Il fait la guerre, avec les mots comme avec l'épée, faute de
pouvoir faire l'amour.
Comme
Cyrano, les personnages de la pièce se caractérisent par leur
jeunesse. Ils vivent en bandes, aiment faire la fête, boire et
manger, la musique. Leur comportement est celui d'une jeunesse pleine
d'énergie, de sève et de fougue : excès, exubérance,
démesure, provocation, rejet du « bourgeois »... Animés
par un esprit de corps et même de caste qui ne va pas sans un
certain respect pour le chef ou le « grand frère », ils
sont toujours en groupe, bruyants et tapageurs, volontiers
bagarreurs.
La
jeunesse, la violence, la rage (en ce qui concerne Cyrano) de ces
exclus de la société pour « délit de faciès », une
soif d'amour pudique masquée par une arrogance verbale et physique,
la haine de ces mal-aimés qui ne sont rien, condamnés pour leur
paraître par une société qui ne veut pas voir leur
être... : Cyrano, et dans une moindre mesure ses
compagnons, sont aussi (et peut-être d'abord) le symbole d'une
certaine jeunesse, d'hier comme d'aujourd'hui. Ces grandes lignes
expliquent le parti-pris adopté dans La môme de Bergerac.

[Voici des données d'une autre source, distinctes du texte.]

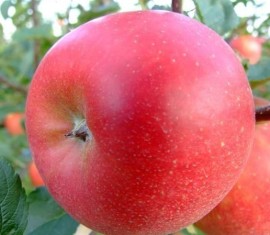 Pommier Ligol : caractéristiques de la variété et entretien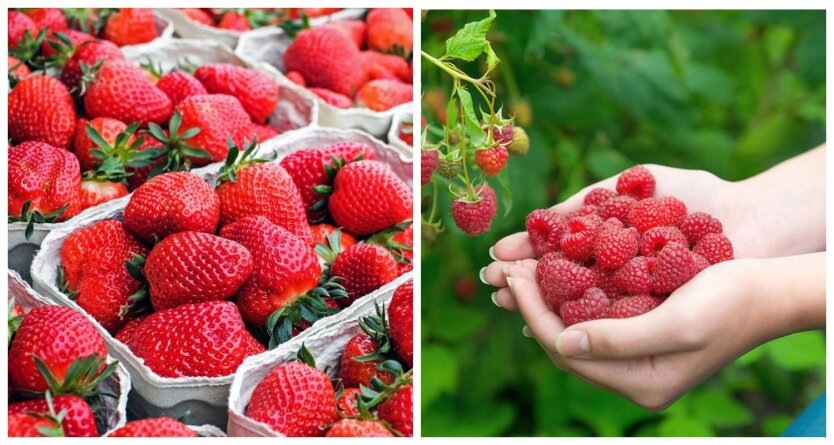 Not everyone can afford: how much strawberries, cherries, apricots, and raspberries cost in stores and markets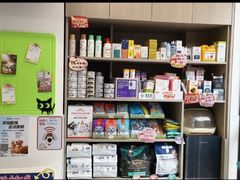 -宠物星动物医院·眼科·异宠·猫科(江南大道总院)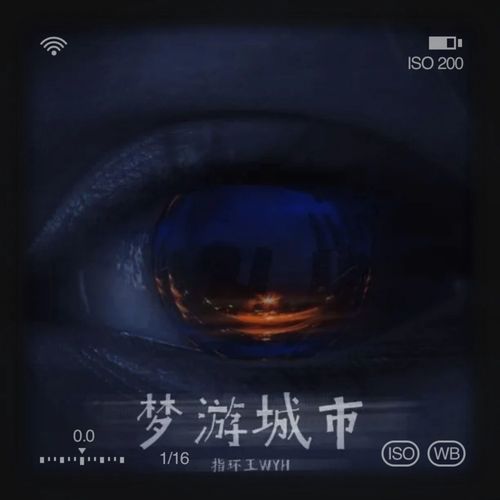 梦游城市（Sleepwalking in the city）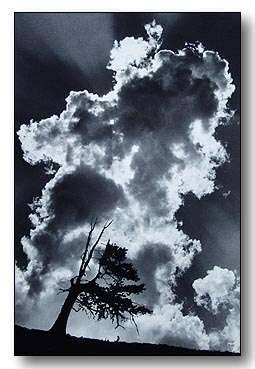 2. Platz - Dieter Bauer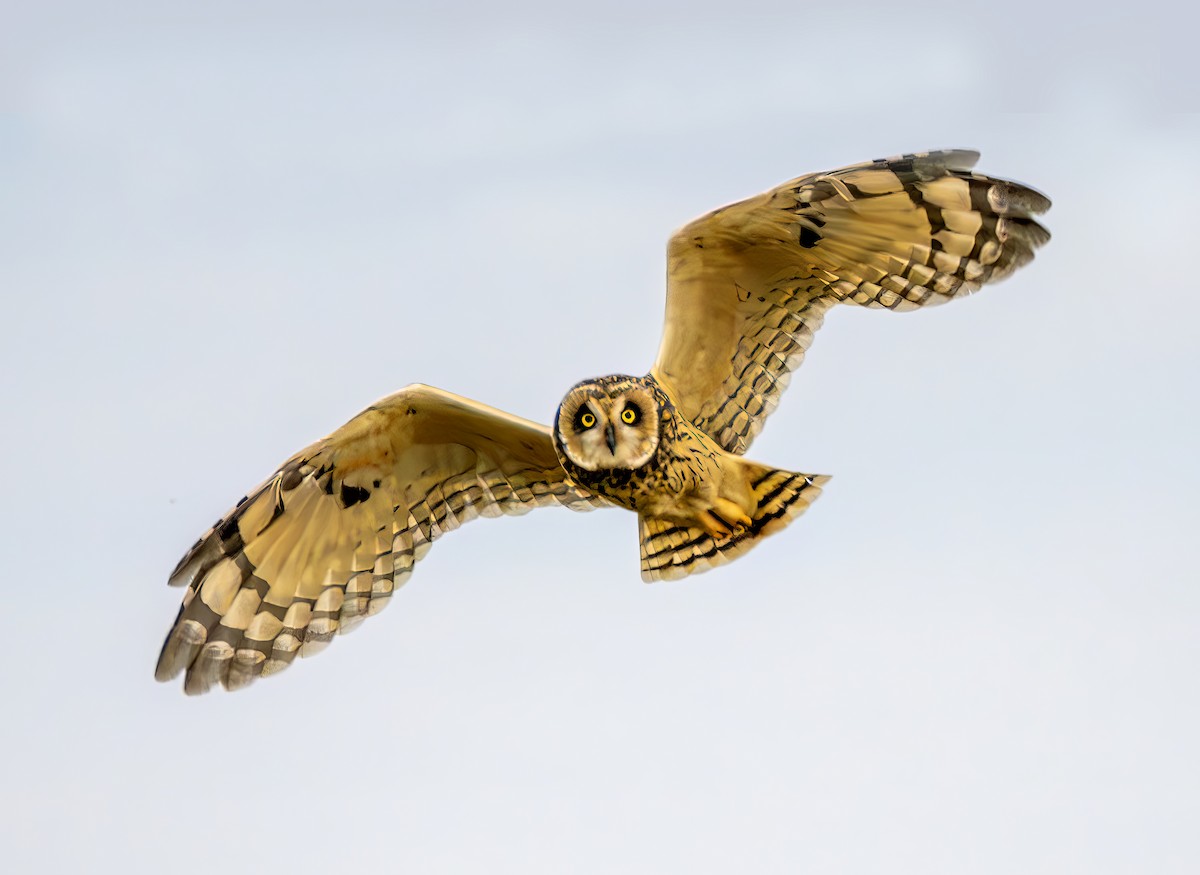 Short-eared Owl - ML646964052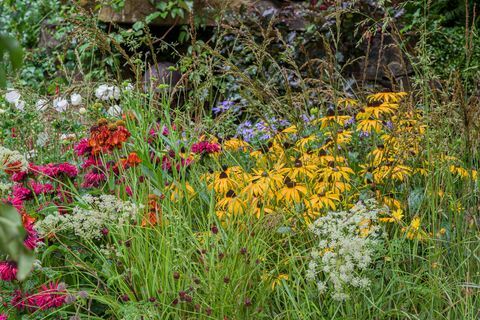 jardim do 90º aniversário dos cães-guia projetado por adam woolcott e jonathan smith patrocinado por cães-guia para a associação de cegos jardim artesanal rhs chelsea flower show 2021 estande no 566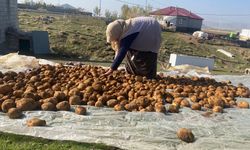 Kışlık Patatesler Geleneksel Yöntemle Toprağa Gömülüyor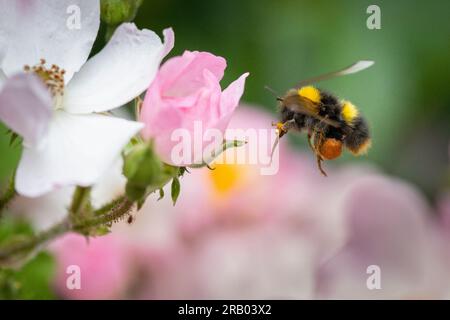 Frühbumble Bee Bombus Pratorum, das sich von einer Rose ernährt. Stockfoto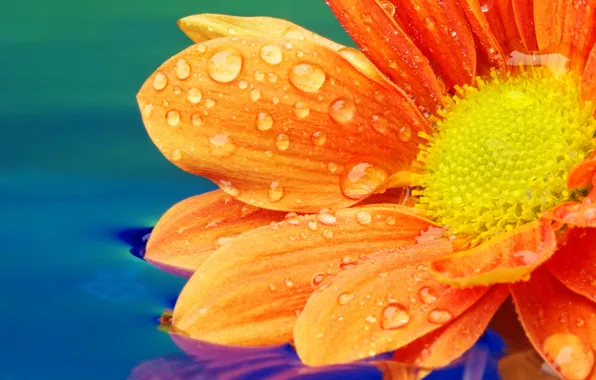 Картинка цветок, вода, капельки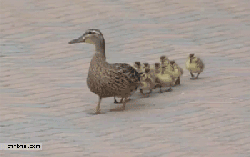 61e8a1fdjw1dhpitvggwug.gif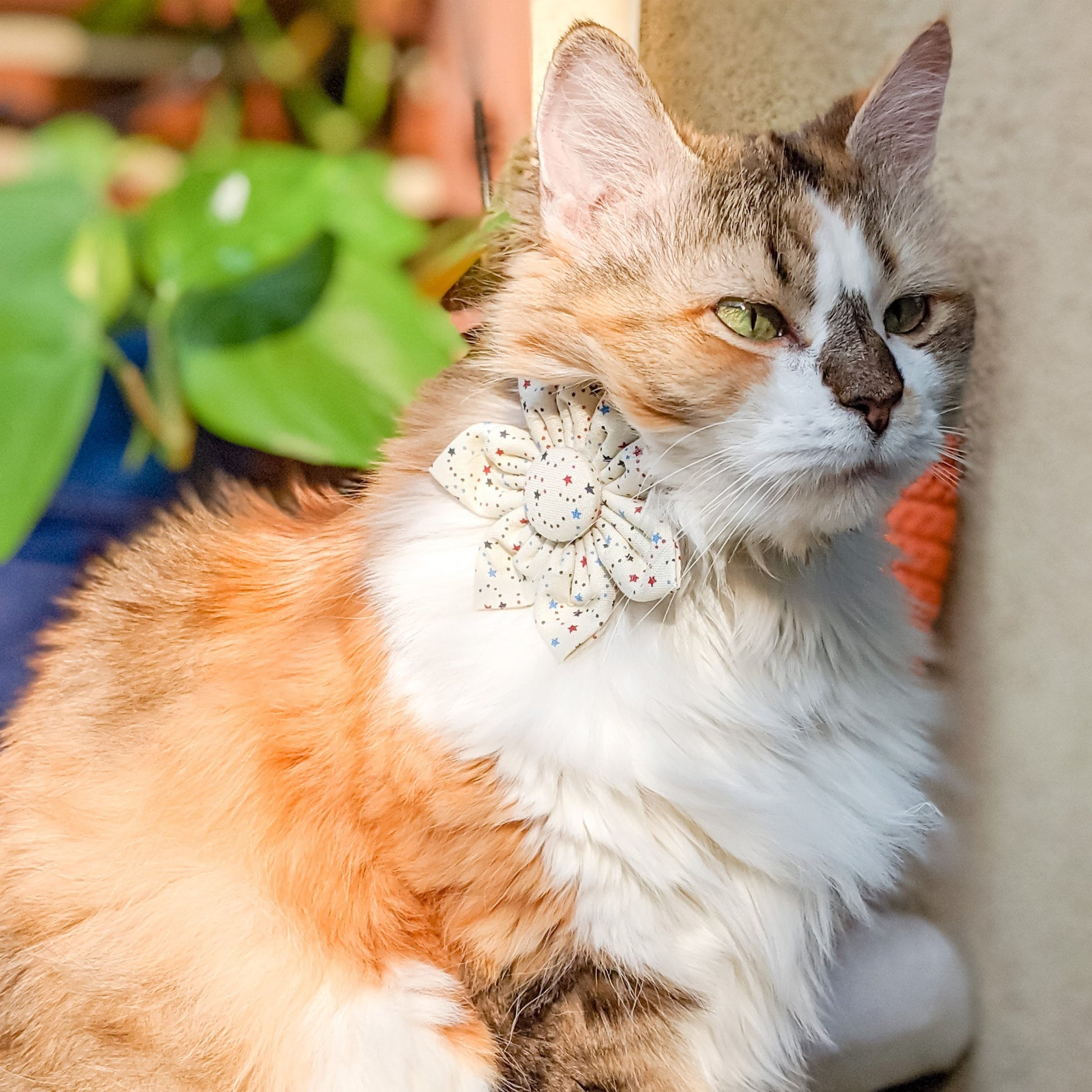 Mini Blue and Red Stars Kanzashi Flower for Dogs and Cats - Whiskerful 5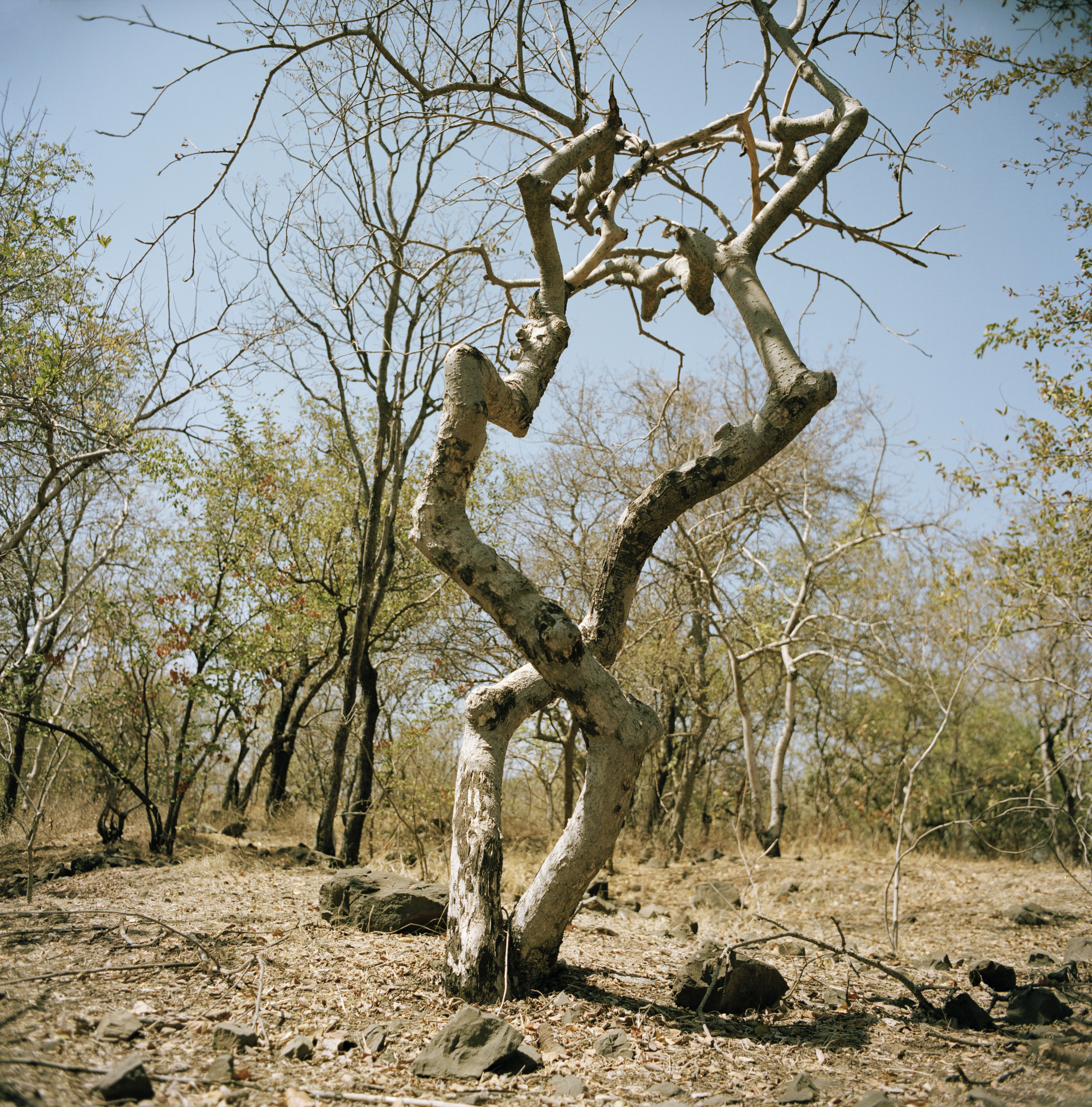Victoria Falls (Zambia) 2019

Des jeunes d'aujourd'hui, qui vivent en bande dans les cités. La rue
est leur univers, la violence est quotidienne.
La
môme avez-vous dit ? Dernier changement, et non des
moindres, le sexe des personnages. Cyrano et Christian deviennent des
filles, Cyrano et Christa, tandis que Roxane devient un garçon,
Roxan. Ce changement — qui a demandé quelques aménagements aux
alexandrins rostandiens — peut peut-être apporter un regard
intéressant sur le texte, et au-delà sur la relation hommes-femmes
dans le jeu de la relation amoureuse. Comment vont retentir les
discours tenus aux et sur les femmes par les hommes, qui ne posent
pas problème dans ce sens, lorsque ce seront des femmes qui
convoiteront et tenteront de séduire un homme ?
Quoi
qu’il en soit, ce spectacle est avant tout, et paradoxalement
peut-être, un hymne à la jeunesse. Mal-aimée, rejetée, entière
et fougueuse, en quête d’un amour que tous lui refusent. Une
jeunesse qui se débat et hurle qu’elle existe. Ou qu’elle
voudrait exister.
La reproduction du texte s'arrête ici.